The history of retail has always showed that winners are fundamentally driven by a big idea. Selfridges was designed from day one to make the shopping experience magical. Wal-Mart’s single-minded proposition was to deliver the lowest prices to consumers every day. Zara championed the idea of cheap chic and disposable fashion. Whole Foods told powerful stories of the commitment, passion and love their growers brought to the nurturing of food. And Louis Vuitton’s big idea was to deliver the best ‘value for money quality’ in original luxury design.
The sad truth for the vast majority of current retail and marketing effort is a distinct lack of a big idea. A great deal of the blame for that outcome lies with our mistaken belief in process. I have a colleague whom I continually disagree with on one major point – I do not believe you can train people to be creative nor use process to deliver creativity.
You can certainly produce something slick and well finished but while the execution is high quality due in no small part to technology, at its heart most output today lacks the creative flair that produces emotional connection. The kind of connection needed to change behaviour and build strong brands and leverage profit uplift.
Process can’t crack it. If it could Myer, BIG W, Target and countless other retailers would be in robust good health for they have spent millions of dollars on well executed, process driven change management programs that have done nothing to create sustainable profit growth.

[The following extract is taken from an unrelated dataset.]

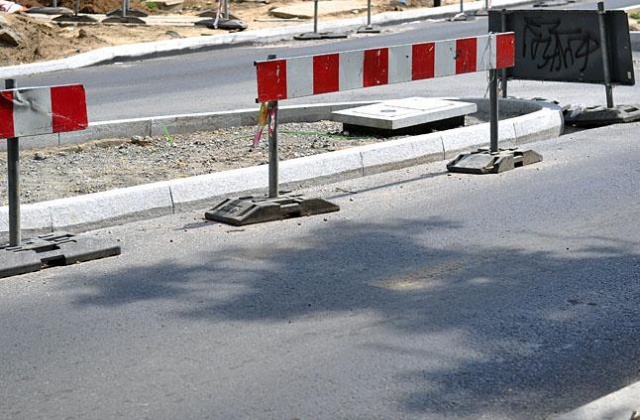 O połowę w przyszłym roku spadną wydatki na budowę nowych dróg. Generalna Dyrekcja Dróg Krajowych i Autostrad planuje tylko siedem inwestycji - alarmuje Dziennik Gazeta Prawna.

A big idea – capable of reigniting a successful retailer – does not come from process alone. It takes people who are capable of genuine creativity given the space, time and support to generate an idea that will inspire all stakeholders to change what they are doing now. Kennedy, King, Jobs, Vuitton, Selfridge, Walton, Ortega – these leaders all had one thing in common. They breathed life into big ideas that motivated others to follow the processes necessary for implementation leading to sustainable gain.
All great retail businesses need creative people at some point in the mix. Today we seem stuck in regurgitation and exploitation in an endless cycle of production efficiency that does not tolerate the compromises necessary to support big ideas. But as declining margins prove – and what Sam Walton was quoted as saying – “What doesn’t change has to get cheaper.”
You want to make things better – you need big ideas. You need big ideas – you need to involve the people who can deliver them – outside business as usual, outside normal process and often outside your current talent pool. For your business right now, what’s the big idea?